Notebook

PIG 12 - High-level interface examples¶

This notebook shows how the most common use cases for IACT analysis with Gammapy would be done with the proposed high-level interface for PIG 12.

Basic idea is to have a single config-driven analysis.
And a single Analysis class which is the "driver" or "manager" for one analysis.
Very similar to end-user interface of Fermipy or HAP in HESS.

What is an analysis?¶

An analysis is a single analysis and model, not parameterised variations.
An analysis is for a single region (e.g. 10 deg region with 5 sources), you can't run the GPS or all-sky pipeline via this solution.
Making an SED is still part of one Analysis, because many SED methods require the full model and all energy data.
Making a lightcurve could be part of one Analysis (like it is in Fermi), or could be a higher-level, creating on Analysis and running it for each time bin. This exercise of pro / con is left to the LC PIG. Christoph expects that datasets serialisation is much simpler if LC / time bins isn't part of serialisation for one analysis, i.e. it would be something higher-level.
Source detection with iteratively adding sources is not the responsibility of Analysis. It's higher-level, could use Analysis or not, not discussed here.

Who does what?¶

The idea is to have a layer of "Tools" that do things:

Analysis is the boss, manager, driver
Then there's a middle management agents/tools (e.g. MapMaker, ReflectedBgEstimator, ...)
Then there's minions or data structures (e.g. DataSet)

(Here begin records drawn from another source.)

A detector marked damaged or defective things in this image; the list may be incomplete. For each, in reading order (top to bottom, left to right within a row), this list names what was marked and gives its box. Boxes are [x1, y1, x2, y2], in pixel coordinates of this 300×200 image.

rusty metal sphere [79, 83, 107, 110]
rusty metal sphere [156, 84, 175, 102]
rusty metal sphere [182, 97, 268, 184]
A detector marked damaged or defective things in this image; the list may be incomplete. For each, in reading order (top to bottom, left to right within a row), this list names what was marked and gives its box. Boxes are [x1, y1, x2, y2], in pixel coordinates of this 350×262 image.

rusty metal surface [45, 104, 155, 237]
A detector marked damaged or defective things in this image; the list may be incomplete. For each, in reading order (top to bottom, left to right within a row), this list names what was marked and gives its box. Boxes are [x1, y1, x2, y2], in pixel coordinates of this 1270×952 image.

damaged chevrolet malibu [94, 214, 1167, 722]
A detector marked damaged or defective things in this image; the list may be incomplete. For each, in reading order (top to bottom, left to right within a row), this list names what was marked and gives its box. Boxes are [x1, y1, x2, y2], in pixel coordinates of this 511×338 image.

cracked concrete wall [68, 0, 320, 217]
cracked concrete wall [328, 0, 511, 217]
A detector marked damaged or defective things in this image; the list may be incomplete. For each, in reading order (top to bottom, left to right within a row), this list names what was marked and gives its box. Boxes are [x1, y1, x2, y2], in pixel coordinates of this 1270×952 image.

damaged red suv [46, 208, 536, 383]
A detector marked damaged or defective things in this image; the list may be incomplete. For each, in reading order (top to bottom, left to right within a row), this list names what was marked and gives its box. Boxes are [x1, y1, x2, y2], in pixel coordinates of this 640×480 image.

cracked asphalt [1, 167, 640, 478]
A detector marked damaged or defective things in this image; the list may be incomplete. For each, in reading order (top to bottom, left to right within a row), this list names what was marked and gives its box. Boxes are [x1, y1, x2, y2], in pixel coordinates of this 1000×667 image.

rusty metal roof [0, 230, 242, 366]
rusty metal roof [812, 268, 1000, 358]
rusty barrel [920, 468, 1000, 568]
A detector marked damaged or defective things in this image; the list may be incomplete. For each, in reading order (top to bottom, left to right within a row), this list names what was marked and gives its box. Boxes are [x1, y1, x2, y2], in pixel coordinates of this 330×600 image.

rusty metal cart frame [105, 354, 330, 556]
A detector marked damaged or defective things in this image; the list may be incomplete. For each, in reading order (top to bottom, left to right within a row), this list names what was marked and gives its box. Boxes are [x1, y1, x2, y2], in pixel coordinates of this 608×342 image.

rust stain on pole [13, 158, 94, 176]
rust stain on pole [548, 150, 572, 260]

TODO: design how these interact, not clear who drives what. Very important: what's the responsibility of Analysis vs Observations vs Datasets vs Fit

Main analyses¶

3D map analysis
2d map analysis (same as 3D?)
1D spec analysis

Different cases:

different background models
joint vs stacked
on vs on/off
simulate or fit

After analysis or in between steps¶

spectral points (for any analysis)
lightcurve?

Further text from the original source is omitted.